Early in her career, Ms. Bergman was one of relatively few women in the songwriting business. In a 2007 interview with NPR, she recalled attending meetings of the performance rights organization ASCAP (the American Society of Composers, Authors and Publishers) at which the only women “would be me and a lot of the widows of songwriters who were representing their husbands’ estates.” She was the first woman to serve as president of ASCAP, a position she held from 1994 to 2009.
Marilyn Katz was born on Nov. 10, 1928, in the same Brooklyn hospital where Alan Bergman had been born four years earlier. The daughter of Edith (Arkin) and Albert Katz, she attended the High School of Music and Art in Manhattan, now LaGuardia High School of Music & Art and Performing Arts.
A school friend introduced her to an uncle, Bob Russell, who wrote the lyrics to the Duke Ellington hit “Don’t Get Around Much Anymore” and would later write the lyrics to “He Ain’t Heavy, He’s My Brother.” Marilyn regularly went to his home after school to play piano for him as he wrote.
By the time she had earned a bachelor’s degree in psychology and English from New York University, she had set aside ideas of a music career and planned to become a psychologist. But a fateful accident sent her back to the arts.
In 1956 she fell down a flight of stairs and broke her shoulder. Seeking help during her recuperation, she flew to Los Angeles to stay with her parents, who had moved there. So had Mr. Russell, and when she looked him up he suggested that she do some songwriting herself. Unable to play the piano because of her injury, she recalled many years later, she could not compose and so decided to write lyrics instead.
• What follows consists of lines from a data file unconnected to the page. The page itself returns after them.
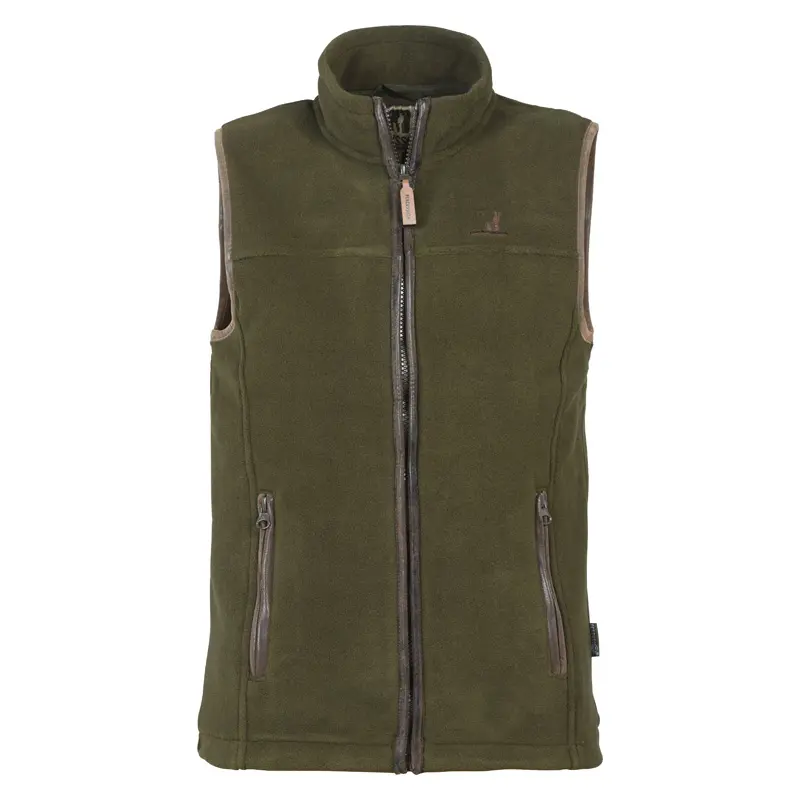 pecheur-store4820299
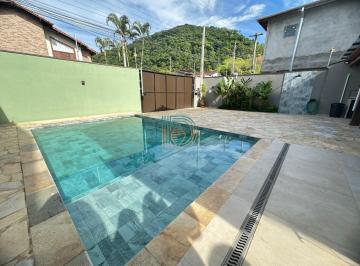 Foto 01 · Casa, Juquehy, São Sebastião, SP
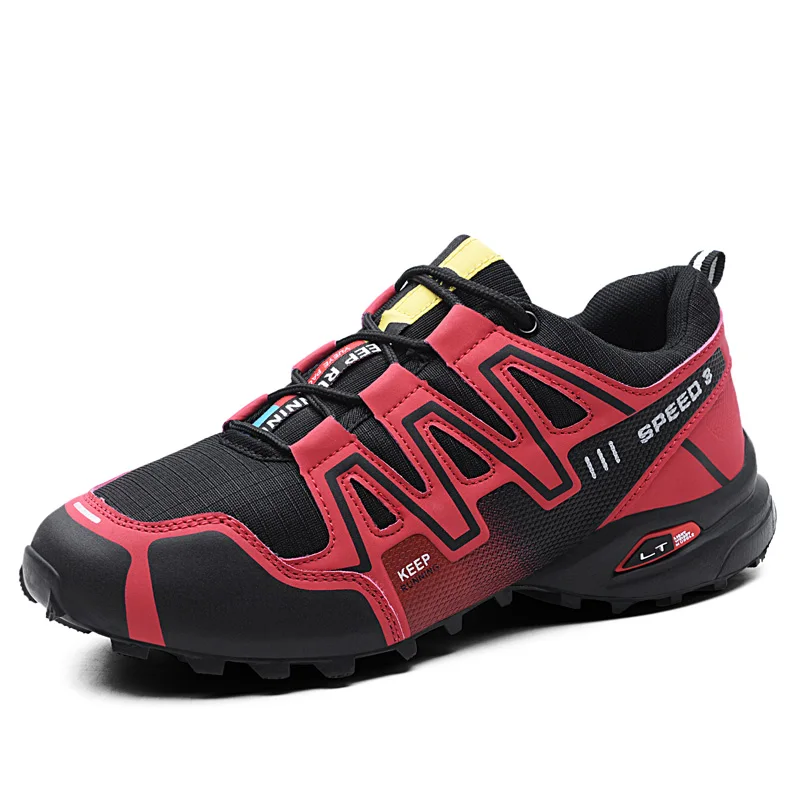 size 39-47 Trending Men Casual Sneakers For Men Hiking Shoes Fashion Outdoor Sports Mens Walking Shoes
size 39-47 Trending Men Casual Sneakers For Men Hiking Shoes Fashion Outdoor Sports Mens Walking Shoes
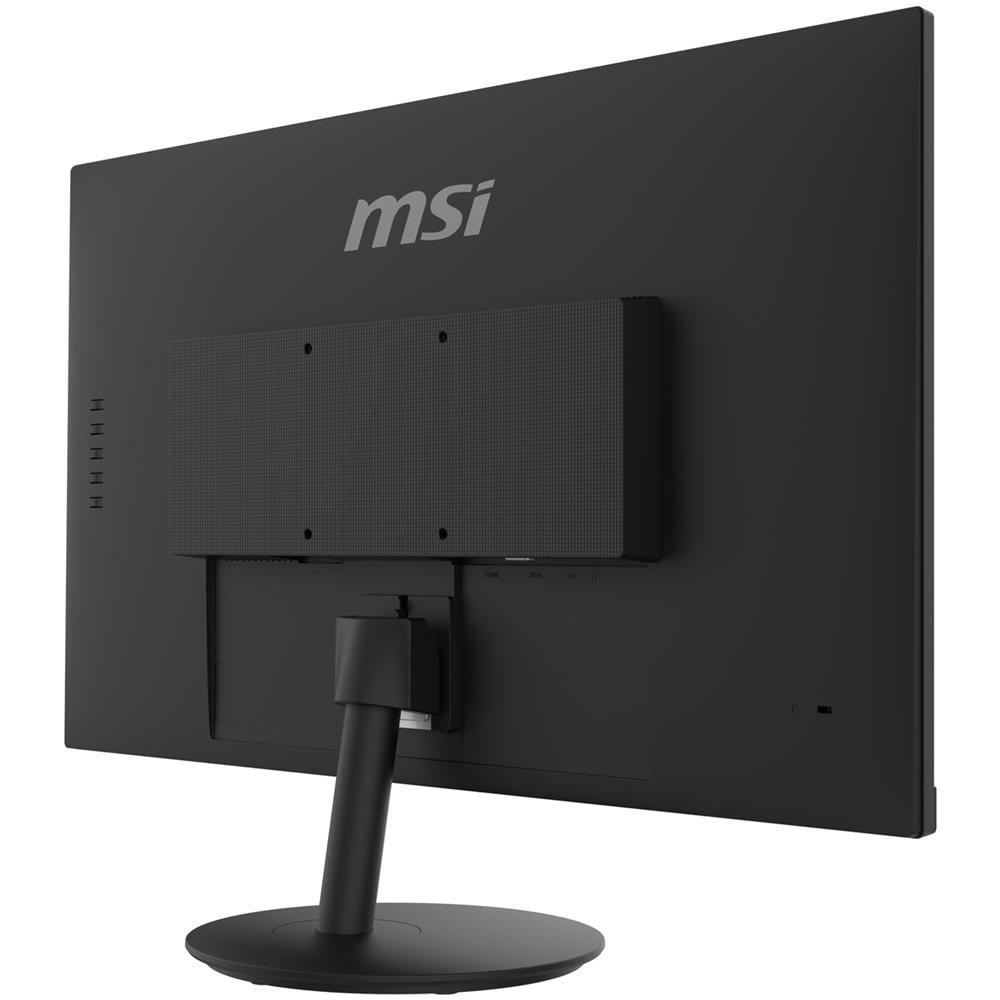 Monitor 27" LED IPS Gaming Pro MP271A Full HD 1920 x 1080 Pixels Tempo di Risposta 1 ms - Foto 7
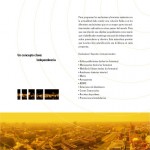 Folleto de presentación (5/8)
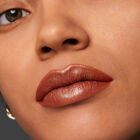 Pure Color Hi-Lustre Lipstick image number null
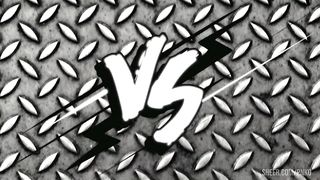 TGilrs CHALLENGE “FIGHT 114”, on ring Amanda F. Vs Crhystal D. & Barbara P.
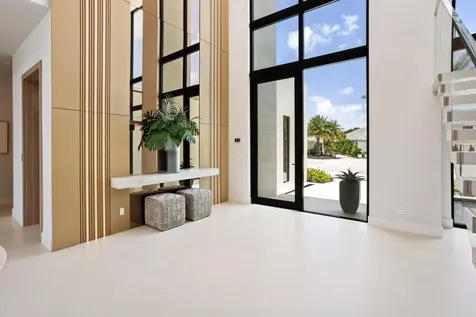 17063 Castlebay Court Boca Raton FL 33496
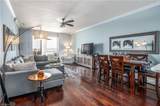 450 Bayfront Pl - Photo 2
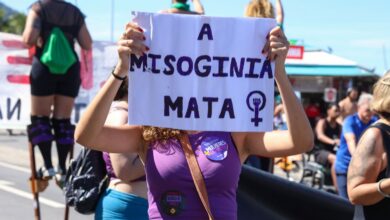 Câmara municipal é principal lugar onde vereadoras sofrem agressões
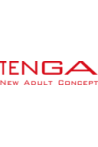 TENGA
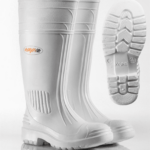 F1271 Egoli Men's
Working under the name Marilyn Keith, she took a job with Mr. Spence, who also worked with Alan Bergman. Mr. Spence introduced the two, and their musical partnership began immediately. They were married two years later.
Asked in 2010 on the television program “CBS News Sunday Morning” how she and Mr. Bergman managed to work together while staying married, she said: “The way porcupines make love. Carefully.”
Ms. Bergman’s husband survives her, as do their daughter, Julie Bergman and a granddaughter
In a 2002 interview with American Songwriter magazine, Ms. Bergman defined the difference between an amateur and professional songwriter as “the ability to rewrite” and “not to have fallen so in love with what you have written that you can’t find a better way,”
The Bergmans were inducted in the Songwriters Hall of Fame in 1980 and jointly received a Trustees Award from the National Academy of Recording Arts and Sciences in 2013.
Although best known for their movie and television work, the Bergmans did try writing for the Broadway stage, although they did not have much success. “Something More!,” starring Barbara Cook and Arthur Hill, for which they wrote the lyrics and Sammy Fain wrote the music, lasted less than two weeks in 1964. They fared better, but not by much, in 1978 with “Ballroom,” an adaptation of the 1975 TV movie “Queen of the Stardust Ballroom” with music by Billy Goldenberg. Despite being produced and directed by Michael Bennett, whose previous Broadway show had been the monster hit “A Chorus Line,” “Ballroom” closed after three months.
“Our experiences in the theater and film,” Ms. Bergman told The New York Times in 1982, “have shown us that the two require entirely different kinds of writing.” And movies were always the couple’s first love.
“We found we must be more abstract when writing for film,” she said, “because film really speaks more to the preconscious part of the brain, the part of us that dreams.”